Cairo Contemporary Music Days which kicked off on 28 April and will continue until 3 May, includes a number of educational activities such as: composition master classes, percussion and guitar master classes and a course on the modern technique of singing. Under the instruction of professional musicians who are also performing during the festival, master classes could offer a good chance to learn techniques used by music academics.
A composition master class was held on Saturday, 30 April at Ewart Memorial Hall part of the downtown campus of the American University in Cairo (AUC). The class was headed by Spanish composer and conductor José María Sánchez-Verdú who’s Madrigale were later performed by Neue Vocalsolisten Stuttgart. His "Gramma - Gardens of Writing", a Chamber opera, was performed on Monday and will have another showing on Tuesday at Ewart Hall.

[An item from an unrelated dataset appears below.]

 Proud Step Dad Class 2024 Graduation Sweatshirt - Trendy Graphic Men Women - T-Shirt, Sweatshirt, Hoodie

Sánchez-Verdú studied in Spain and Germany where he would later work as a conductor with several contemporary music ensembles.
The composition master class was attended by a very small circle of musicians and eventually turned into a two hour discussion, focusing on several crucial issues in today’s classical music world. Tarek Ali Hassan, an Egyptian composer, musician, writer and philosopher as well as the first chairman of the new Cairo Opera House from 1989 to 1991, added valuable insights to Saturday’s discussion.
Sánchez-Verdú explained his interest in contemporary music and the rich musical heritage of the Arabs, noting his fondness for the sound of the oud especially. Tarek Ali Hassan pointed to the nai (a kind of a wooden flute) as being one of the most expressive instruments in the Arab music tradition due to its very original sound.
“You can hear many emotions in the nai: grieving, anxiety, meditative… and they all express the soul of the player. That’s the peculiar quality of this instrument,” Hassan stated.
Further discussion shed light on Arabic music's extremely rich rhythmic and decorative elements. Hassan acknowledged the unprecedented wealth that Arabic music offers, but pointed to its monophonic (single melodic line) character which lacked counterpoint and other polyphonic (multiple melodic lines sounded together) elements.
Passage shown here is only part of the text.